Global k-th Smallest Element
Given a static array, answer multiple queries asking for the k-th smallest value in the entire array.
We maintain a value range [l, r] that potentially contains the answer for a group of queries. Let mid = (l + r) / 2. Using a Fanwick tree (Binary Indexed Tree), we count how many elements are ≤ mid. If this count ≥ k, the answer lies in [l, mid]; otherwise, it lies in (mid, r].
Each query participates in at most O(log U) recursive splits (where U is the value range), and each split processes all active queries in O(log n) time via the Fenwick tree. Total complexity: O(q log U log n).
void partition(int low, int high, int q_start, int q_end) {
if (q_start > q_end) return;
if (low == high) {
for (int i = q_start; i <= q_end; ++i)
result[queries[i].id] = low;
return;
}
int mid = (low + high) >> 1;
int left_cnt = 0, right_cnt = 0;
// Evaluate each query against mid
for (int i = q_start; i <= q_end; ++i) {
if (fenw_query(mid) >= queries[i].k)
left_buf[++left_cnt] = queries[i];
else
right_buf[++right_cnt] = queries[i];
}
// Reorder queries: left group first, then right
for (int i = 1; i <= left_cnt; ++i)
queries[q_start + i - 1] = left_buf[i];
for (int i = 1; i <= right_cnt; ++i)
queries[q_start + left_cnt + i - 1] = right_buf[i];
partition(low, mid, q_start, q_start + left_cnt - 1);
partition(mid + 1, high, q_start + left_cnt, q_end);
}
Range k-th Smallest Element
For queries asking the k-th smallest in subarray [L, R], treat the initial array as n point updates (position i gets value a[i]). During each binary search step over the value domain [l, r], only consider updates with value ≤ mid—add 1 at their positions in the Fenwick tree.
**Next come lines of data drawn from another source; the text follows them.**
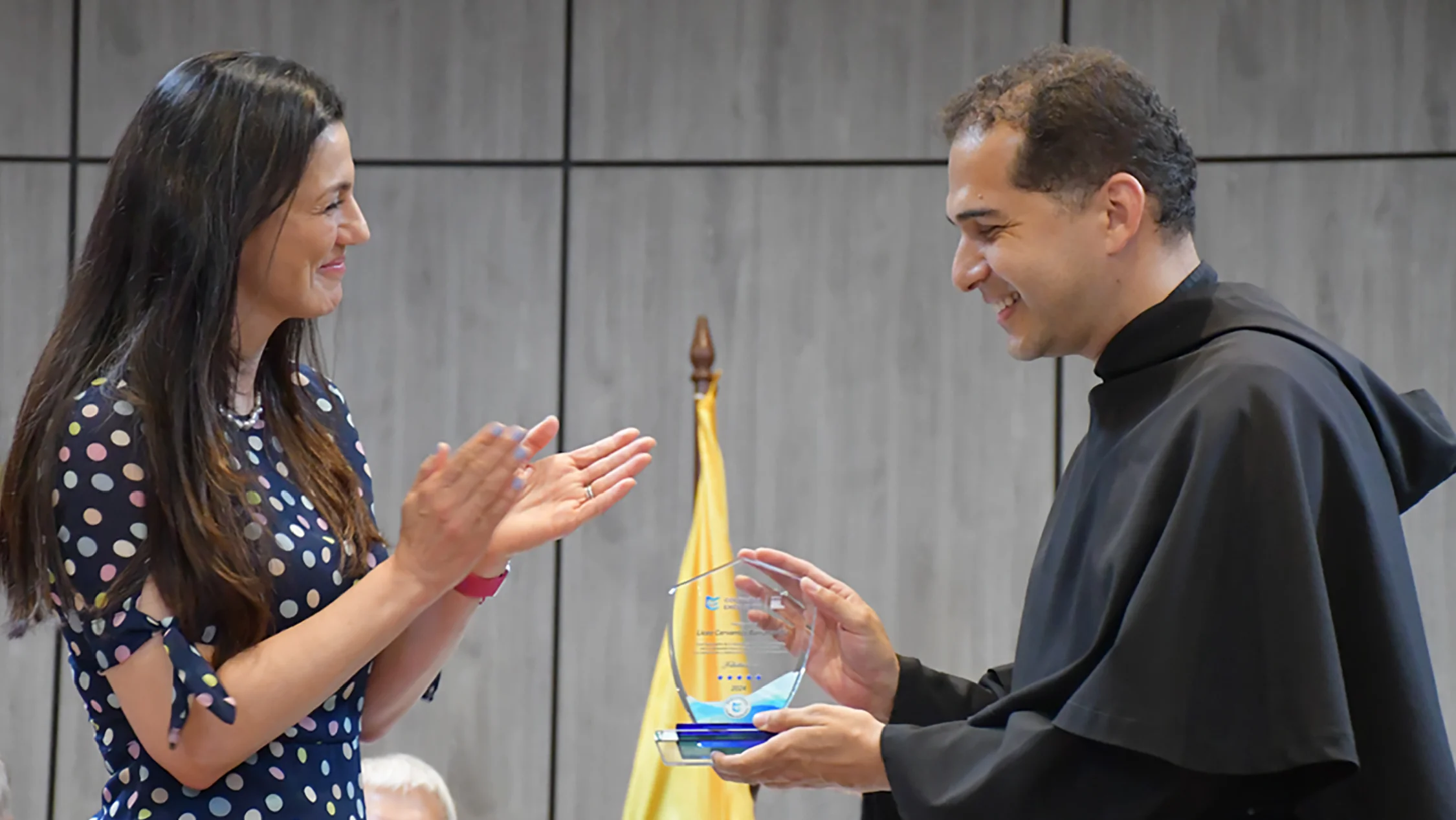 Liceo de Cervantes Barranquilla recibe acreditación 5 Estrellas del modelo EFQM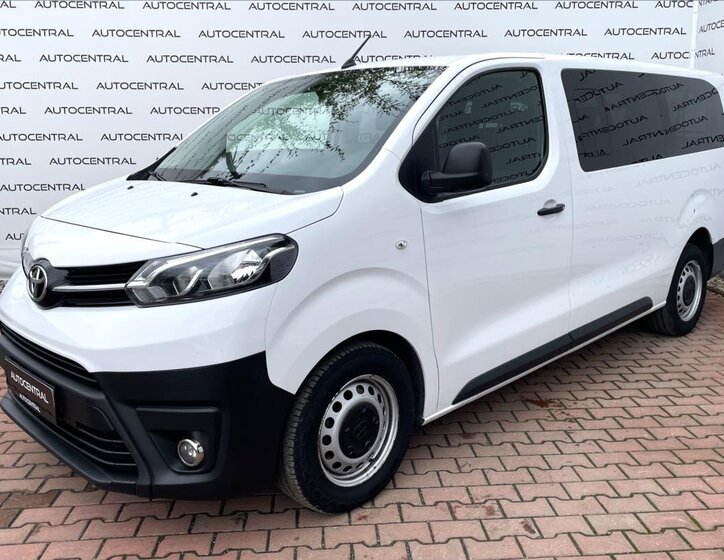 Toyota ProAce Verso MPV 2,0 l 106 kw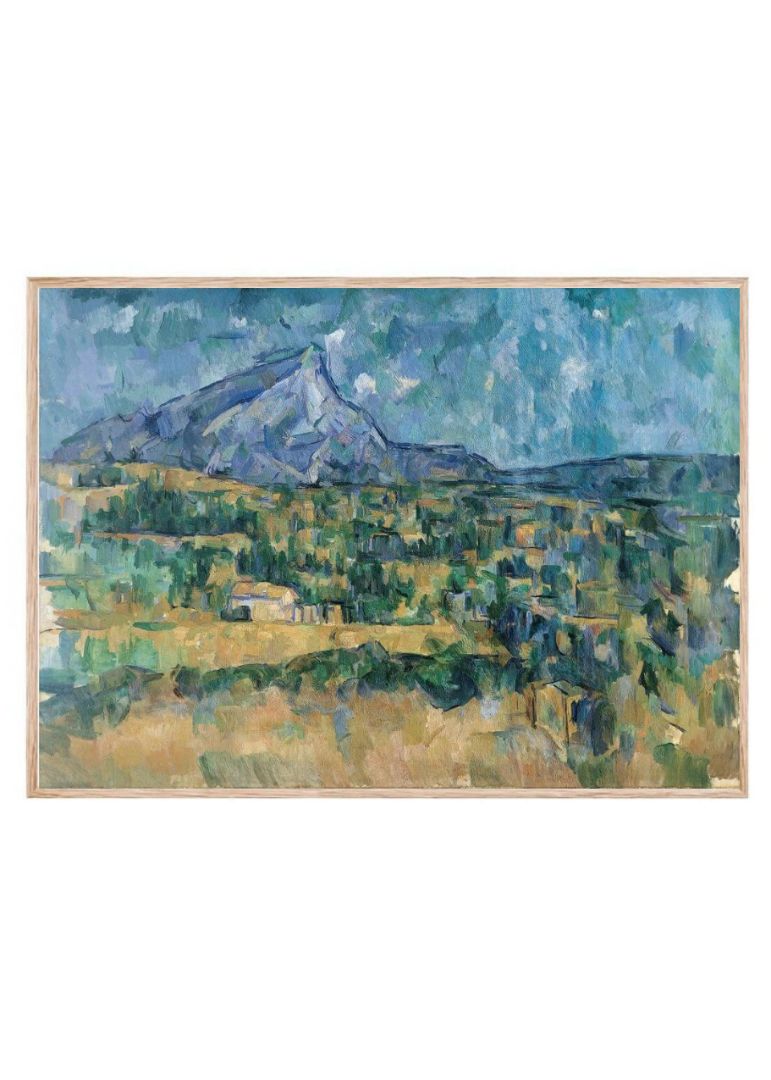 Mont Sainte-Victoire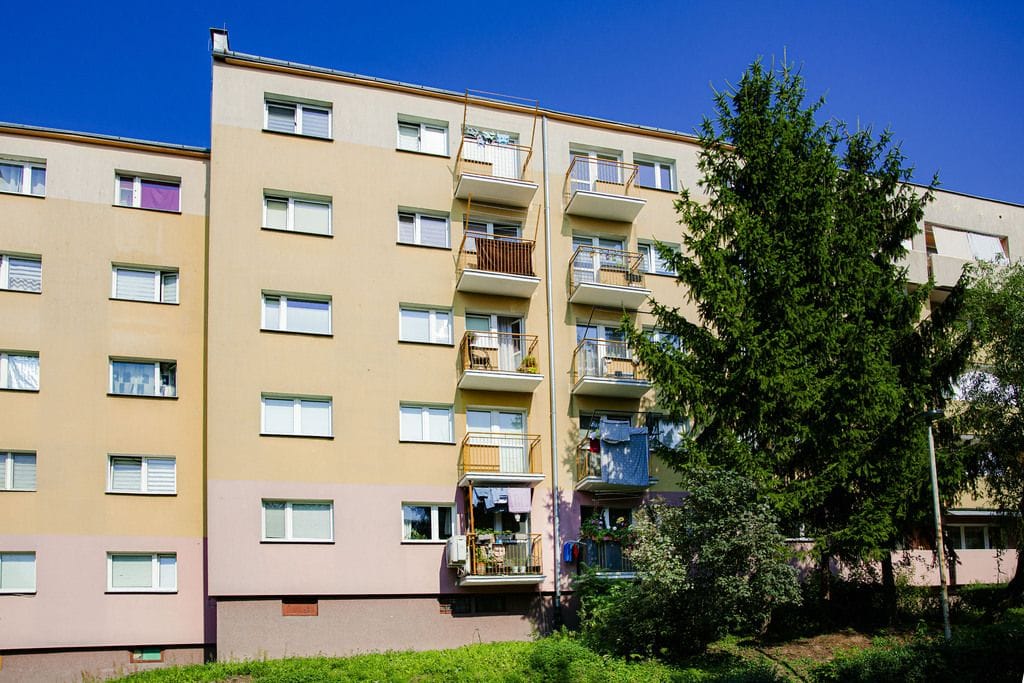 Mieszkanie 4 pokojowe na Sprzedaż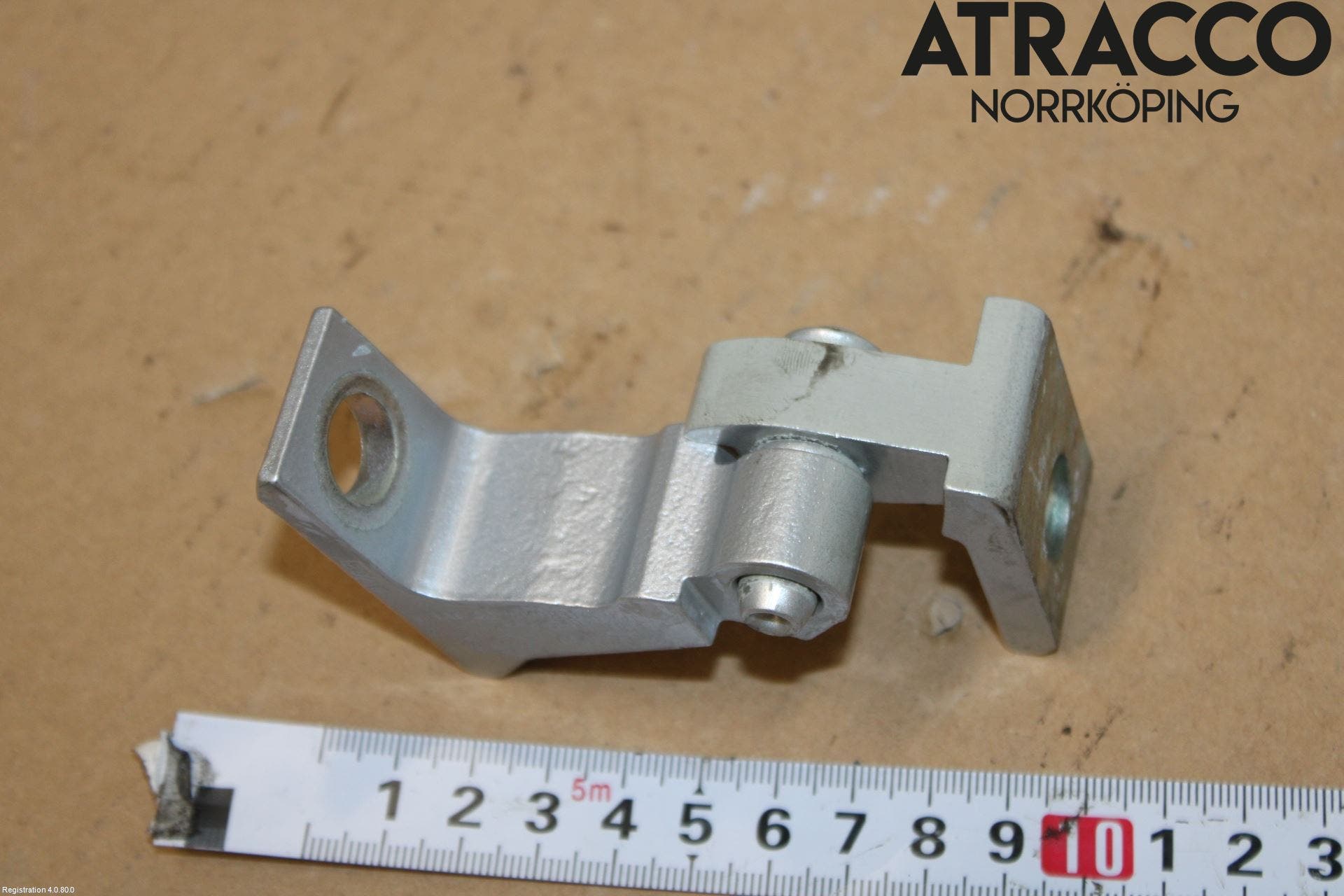 Skoda FABIA 15-21 Dörrgångjärn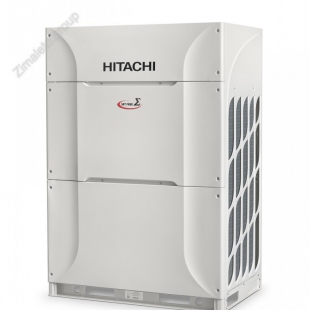 VRV система наружные блоки Hitachi Set Free Sigma - Интернет-портал ЗимаЛетоГрупп - инжиниринговые услуги полного цикла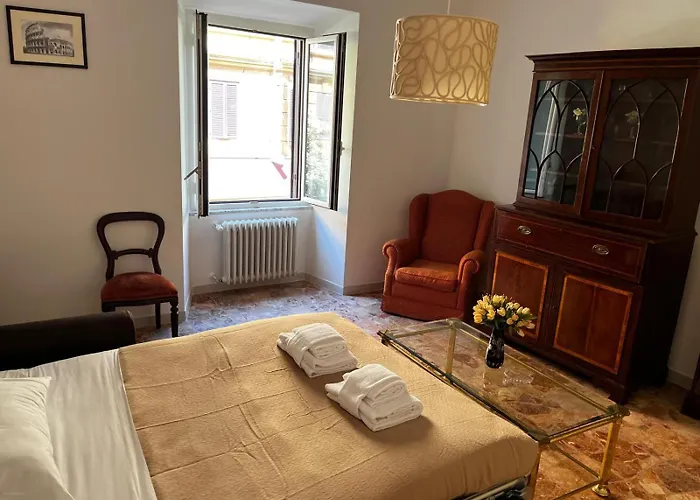 Be Your - Stendardi's House * Rome
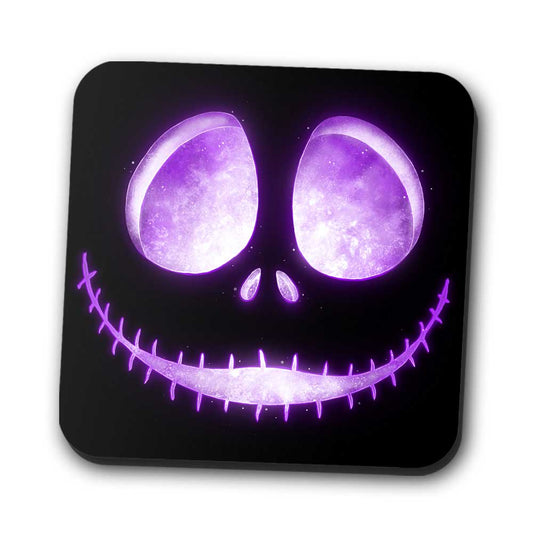 Scary Skellington - Coasters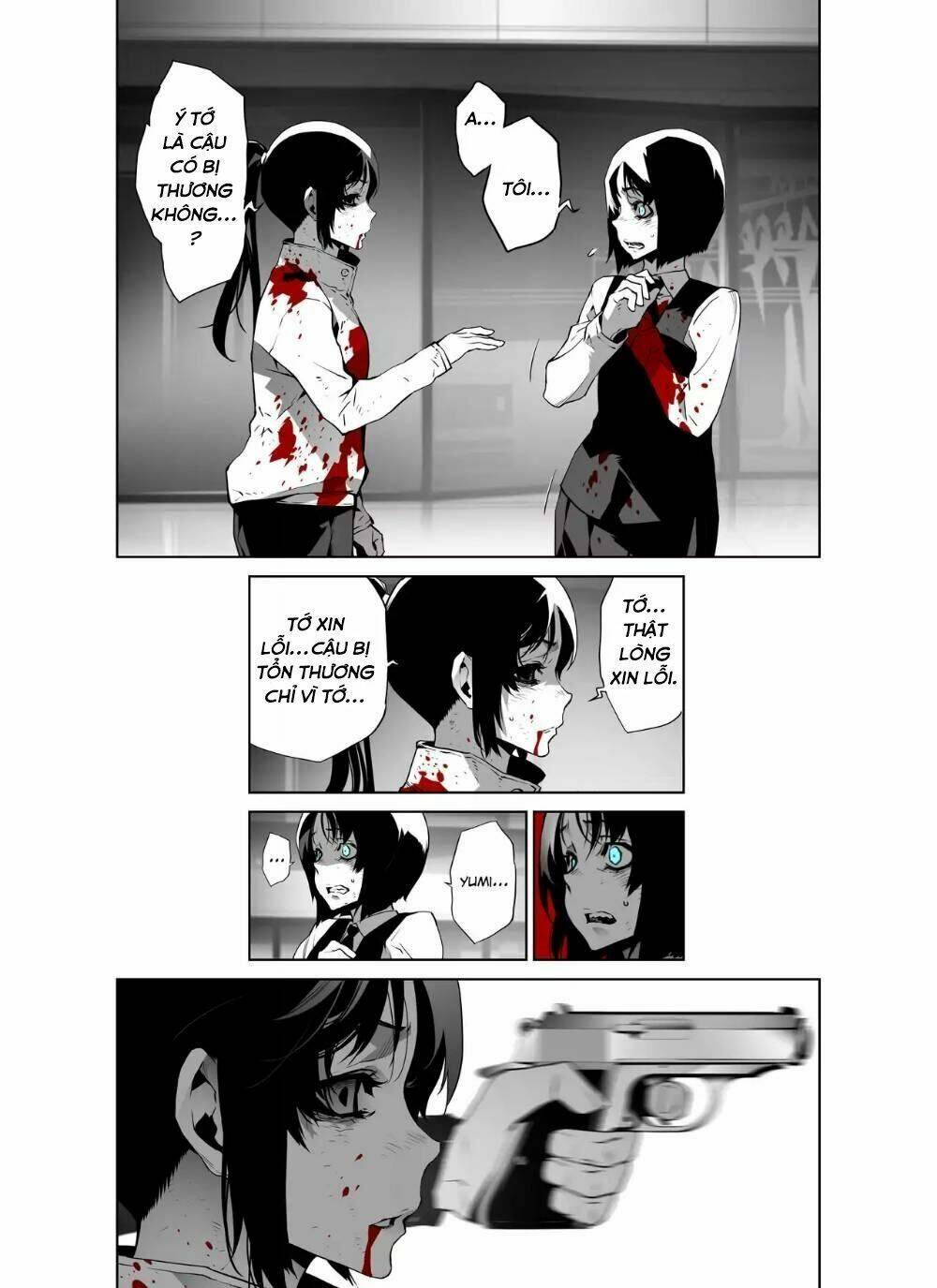 Thế Giới Ảo Nguyệt: Chapter 53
For a query [L, R, k], compute t = sum(R) - sum(L-1). If t ≥ k, the answer is in [l, mid]; otherwise, reduce k by t and search in (mid, r].
All operations (initial values and queries) are stored in one list and processed together during recursion.
Dynamic Range k-th Smallest
To support point updates (e.g., change a[x] = y), represent each modification as two operations: remove the old value and insert the new one. These are interleaved with queries in the global operation list.
During each recursive call on value range [l, r]:
- For update operations: if the value ≤
mid, apply the delta (+1 or -1) to the Fenwick tree and route the operation to the left half; else, route to the right. - For query operations: compute current count in
[L, R]from values ≤mid. Decide direction based on comparison withk, adjustingkif going right.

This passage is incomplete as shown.